Based on their findings, a “selfie” snapped by the beach is far more memorable than a photo capturing the majesty of Yosemite’s Half Dome.
To build their algorithm, researchers relied on the crowdsourcing muscle of Amazon’s Mechanical Turk. Human participants viewed a series of 35 to 150 images and were told to identify the photo that was repeated in a given set. Correctly identified duplicates were deemed more memorable.
Researchers used results from human trials to assign memorability scores to 60,000 images, and then fed them into their algorithm. They borrowed their computing technique from a field of artificial intelligence called deep-learning, which allows computers to utilize artificial neural networks to analyze mountains of data and discover patterns all on their own.
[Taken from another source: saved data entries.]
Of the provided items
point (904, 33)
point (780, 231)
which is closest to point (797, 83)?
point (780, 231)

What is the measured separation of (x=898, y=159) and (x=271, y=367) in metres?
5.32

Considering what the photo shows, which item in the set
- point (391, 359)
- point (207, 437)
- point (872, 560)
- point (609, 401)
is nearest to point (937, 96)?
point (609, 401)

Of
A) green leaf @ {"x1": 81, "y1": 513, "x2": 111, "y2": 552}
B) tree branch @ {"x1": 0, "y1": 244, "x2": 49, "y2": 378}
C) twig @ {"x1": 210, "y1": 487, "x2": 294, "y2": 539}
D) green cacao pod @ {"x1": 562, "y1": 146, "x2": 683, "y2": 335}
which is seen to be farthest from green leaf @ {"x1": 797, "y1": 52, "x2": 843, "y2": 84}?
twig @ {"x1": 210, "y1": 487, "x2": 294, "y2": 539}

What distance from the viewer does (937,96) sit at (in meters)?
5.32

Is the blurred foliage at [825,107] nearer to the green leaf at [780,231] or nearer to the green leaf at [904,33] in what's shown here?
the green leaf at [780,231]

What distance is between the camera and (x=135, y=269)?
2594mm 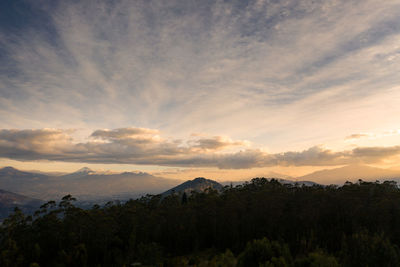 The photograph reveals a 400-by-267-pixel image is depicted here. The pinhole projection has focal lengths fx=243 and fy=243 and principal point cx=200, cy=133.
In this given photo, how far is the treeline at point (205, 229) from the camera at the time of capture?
3681 centimetres

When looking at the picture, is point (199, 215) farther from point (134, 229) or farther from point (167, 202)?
point (134, 229)

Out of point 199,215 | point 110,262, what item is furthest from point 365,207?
point 110,262

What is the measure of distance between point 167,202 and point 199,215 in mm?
10830

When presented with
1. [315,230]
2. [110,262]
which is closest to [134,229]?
[110,262]

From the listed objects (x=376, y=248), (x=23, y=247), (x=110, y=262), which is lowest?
(x=110, y=262)

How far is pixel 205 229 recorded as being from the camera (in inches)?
2205

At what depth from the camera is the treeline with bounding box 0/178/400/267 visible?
36.8 m

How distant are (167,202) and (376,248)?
48666mm

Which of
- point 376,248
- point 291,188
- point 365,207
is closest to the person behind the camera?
point 376,248

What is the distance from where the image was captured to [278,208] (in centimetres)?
5203

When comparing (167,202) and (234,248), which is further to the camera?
(167,202)

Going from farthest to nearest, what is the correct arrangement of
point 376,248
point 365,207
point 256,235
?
point 256,235 < point 365,207 < point 376,248

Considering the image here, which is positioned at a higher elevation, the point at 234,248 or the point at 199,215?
the point at 199,215

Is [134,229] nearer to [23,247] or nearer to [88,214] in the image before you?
[88,214] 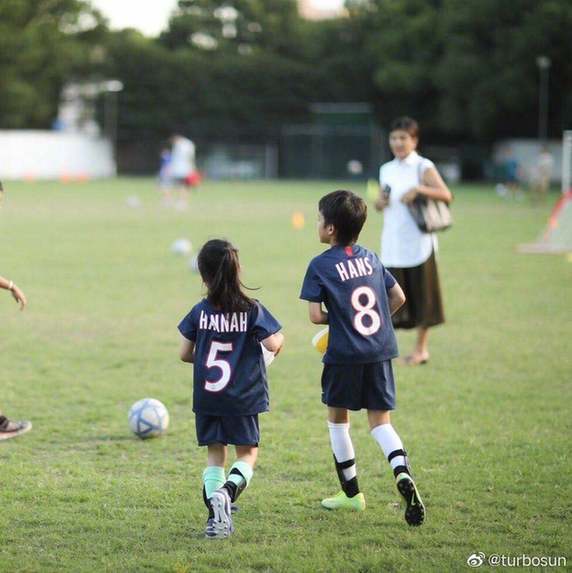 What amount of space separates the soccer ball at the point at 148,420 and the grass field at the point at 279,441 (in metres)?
0.10

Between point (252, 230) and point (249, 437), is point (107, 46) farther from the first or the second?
point (249, 437)

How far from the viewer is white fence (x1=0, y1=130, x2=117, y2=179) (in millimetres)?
53406

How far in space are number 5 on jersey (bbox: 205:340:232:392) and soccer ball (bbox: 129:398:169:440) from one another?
1.87 m

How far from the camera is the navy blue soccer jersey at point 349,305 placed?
16.5 ft

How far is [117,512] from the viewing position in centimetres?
513

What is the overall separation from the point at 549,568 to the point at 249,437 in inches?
58.5

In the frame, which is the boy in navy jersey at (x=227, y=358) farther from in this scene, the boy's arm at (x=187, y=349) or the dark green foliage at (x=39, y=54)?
the dark green foliage at (x=39, y=54)

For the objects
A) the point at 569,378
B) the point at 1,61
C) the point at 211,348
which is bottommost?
the point at 569,378

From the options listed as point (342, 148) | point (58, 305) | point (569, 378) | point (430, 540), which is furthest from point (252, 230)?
point (342, 148)

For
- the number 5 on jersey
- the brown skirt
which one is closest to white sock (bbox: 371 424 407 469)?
the number 5 on jersey

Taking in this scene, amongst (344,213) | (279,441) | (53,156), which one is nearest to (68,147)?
(53,156)

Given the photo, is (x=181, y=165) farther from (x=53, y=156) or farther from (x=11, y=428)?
(x=11, y=428)

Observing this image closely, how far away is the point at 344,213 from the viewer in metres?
5.06

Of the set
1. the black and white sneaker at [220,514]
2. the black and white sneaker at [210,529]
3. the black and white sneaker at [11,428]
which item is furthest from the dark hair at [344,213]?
the black and white sneaker at [11,428] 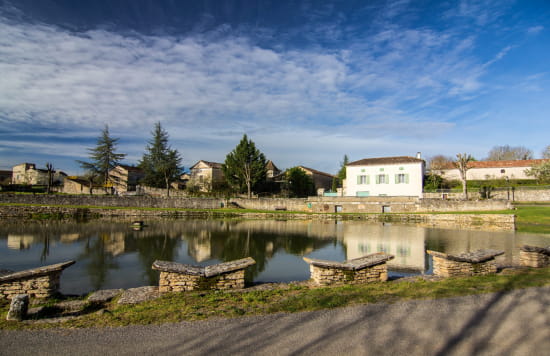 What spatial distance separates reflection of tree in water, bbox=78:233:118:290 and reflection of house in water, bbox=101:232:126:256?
109mm

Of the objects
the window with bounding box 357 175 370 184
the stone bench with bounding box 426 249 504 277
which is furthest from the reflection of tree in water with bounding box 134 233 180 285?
the window with bounding box 357 175 370 184

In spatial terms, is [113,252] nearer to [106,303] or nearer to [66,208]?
[106,303]

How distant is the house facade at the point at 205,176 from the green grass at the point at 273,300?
51420 mm

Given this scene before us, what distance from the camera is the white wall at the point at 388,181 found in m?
40.7

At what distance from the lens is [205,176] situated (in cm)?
6091

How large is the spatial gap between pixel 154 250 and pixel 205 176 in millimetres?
46452

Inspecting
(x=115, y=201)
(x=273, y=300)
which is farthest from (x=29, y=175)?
(x=273, y=300)

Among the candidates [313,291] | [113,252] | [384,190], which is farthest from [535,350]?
[384,190]

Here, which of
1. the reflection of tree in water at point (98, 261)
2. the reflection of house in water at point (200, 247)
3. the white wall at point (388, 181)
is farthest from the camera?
the white wall at point (388, 181)

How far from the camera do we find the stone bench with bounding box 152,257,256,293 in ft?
23.4

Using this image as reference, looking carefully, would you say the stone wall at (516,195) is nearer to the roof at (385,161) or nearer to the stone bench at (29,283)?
the roof at (385,161)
It’s how Facebook recognizes your friends’ smiles in photos and suggests you tag them.
As a demonstration of their algorithm’s prowess, researchers told it to predict how memorable a group of people would find a never-before-seen image. The algorithm predicted its memorability score within a few percentage points of humans. The computer, in other words, simulated the capabilities of human visual memory. The published their findings in a paper that’s available on the LaMem Dataset website. You can also put researchers’ algorithm to the test online and upload photos from your collection to see if you’re a memory-making photographer.
As the algorithm does its work, it builds a heat map over images to highlight the more memorable or forgettable elements of each photo. Memorable images tended to have specific focal points — a face or an object — and were often counterintuitive or just plain odd. A tentacle-like couch, a snowboarder in a sumo wrestling outfit and a man with an orange juice mustache ranked among the highest in memorability.
Landscapes, cityscapes and photos of your house were most forgettable. Interestingly, images of angry and fearful faces were far more memorable than pictures of awe or contentment, which gels with past research that indicates our brains evolved to remember negative stimuli for self-preservation. Remembering the colors of a deadly snake, for example, is far more important than remembering a scenic view during a hike.
The algorithm isn’t perfect, however. Some images seared into our collective consciousness aren’t all that memorable based on the algorithm’s correlations. Although the model is good at catching memorable visual elements, it can’t grasp the historical context that makes some images iconic.
Sure, there are some wrinkles, but researchers are already planning to spin their model off into an app that subtlety tweaks images to make them more memorable — a potential plus for advertisers. Their findings could also help enhance visual materials in the classroom to help students remember their lessons.